**WHAT IS REQUIRED:** All of the data that follows is to be written out exactly, with images excluded.

START EXERCISE MATERIALS

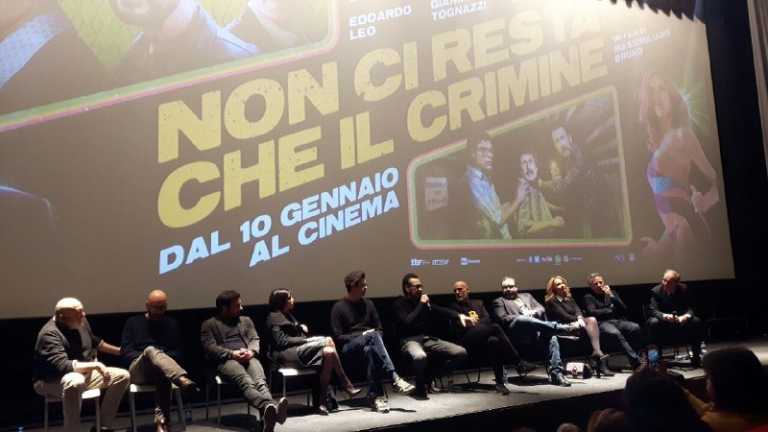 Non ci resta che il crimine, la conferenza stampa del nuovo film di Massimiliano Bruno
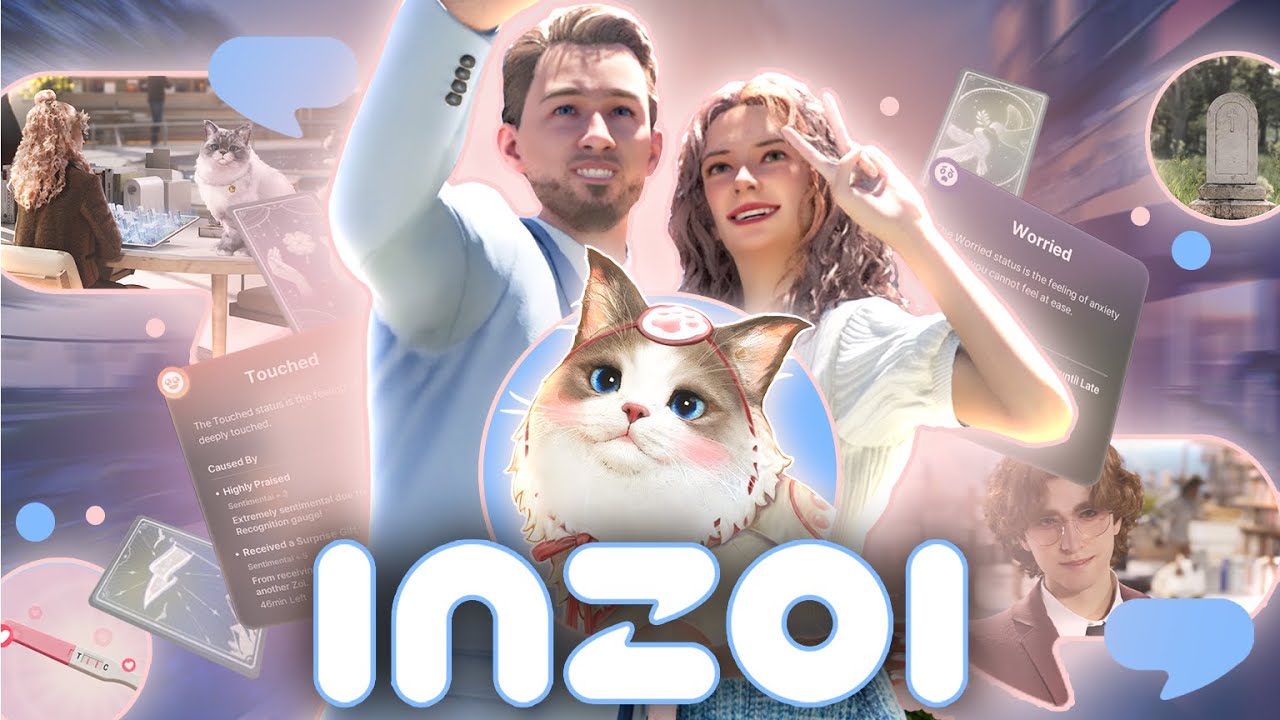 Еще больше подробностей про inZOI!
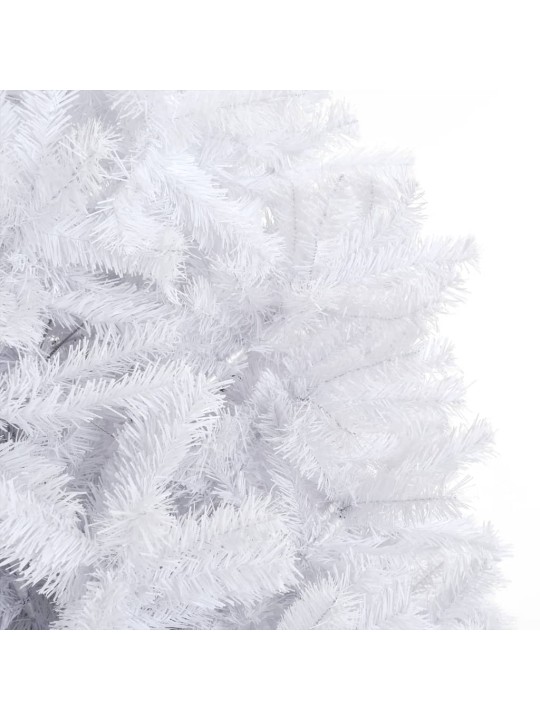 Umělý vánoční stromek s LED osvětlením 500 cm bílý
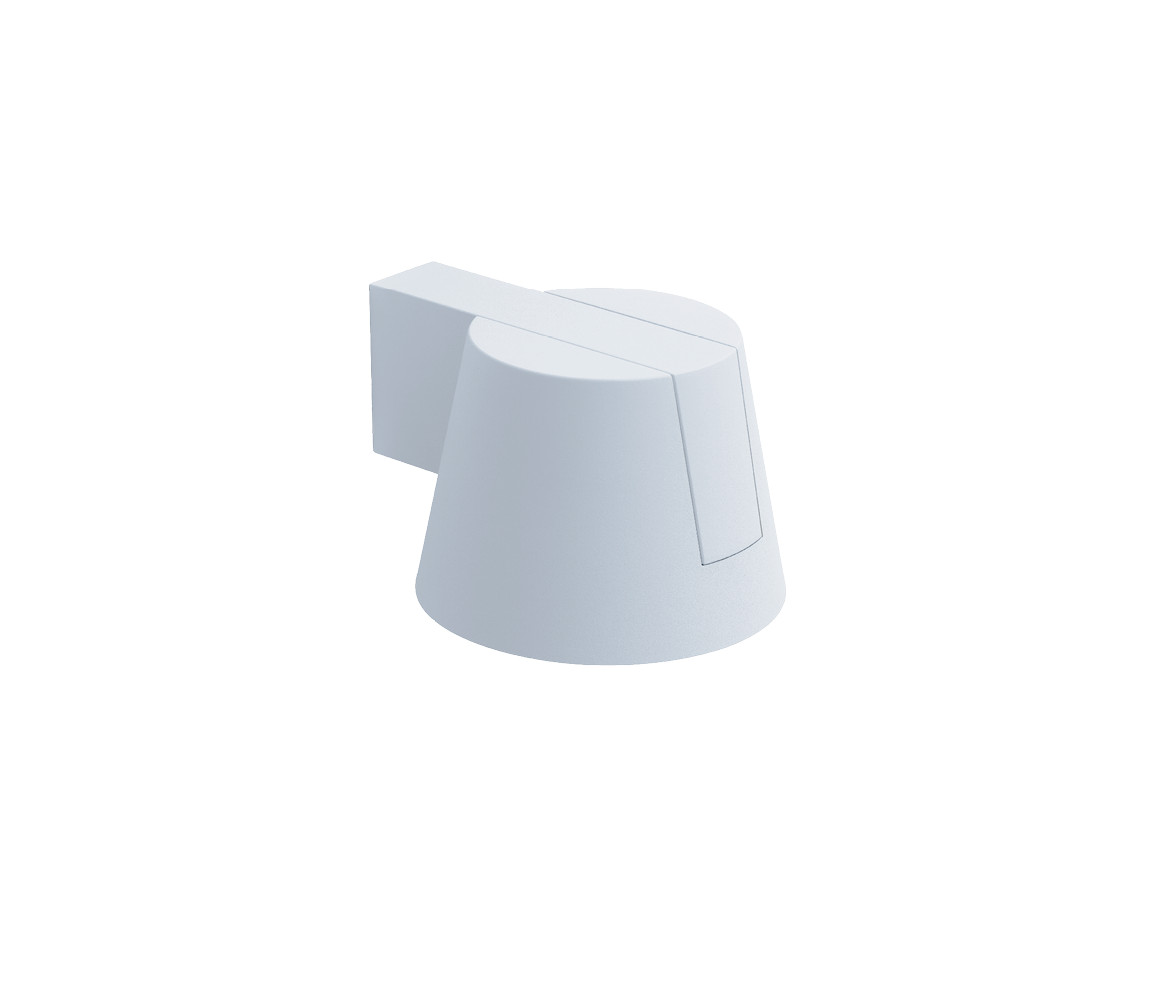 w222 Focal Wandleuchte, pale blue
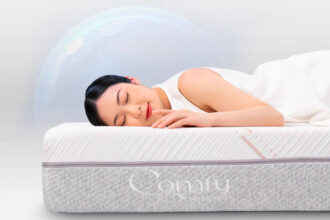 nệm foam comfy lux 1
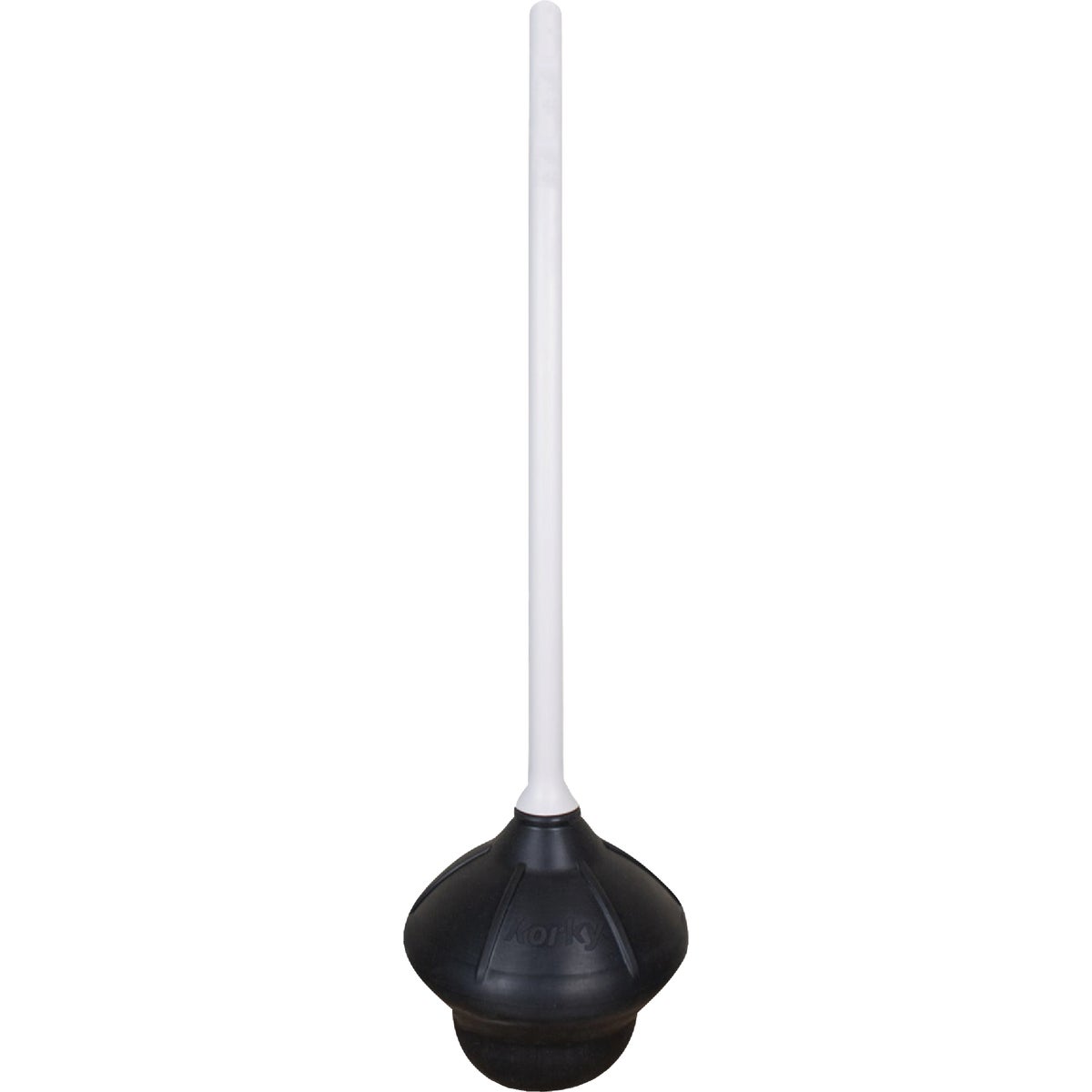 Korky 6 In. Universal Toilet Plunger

END EXERCISE MATERIALS

**SOLUTION TO THIS PROBLEM:**
 Non ci resta che il crimine, la conferenza stampa del nuovo film di Massimiliano Bruno
 Еще больше подробностей про inZOI!
 Umělý vánoční stromek s LED osvětlením 500 cm bílý
 w222 Focal Wandleuchte, pale blue
 nệm foam comfy lux 1
 Korky 6 In. Universal Toilet Plunger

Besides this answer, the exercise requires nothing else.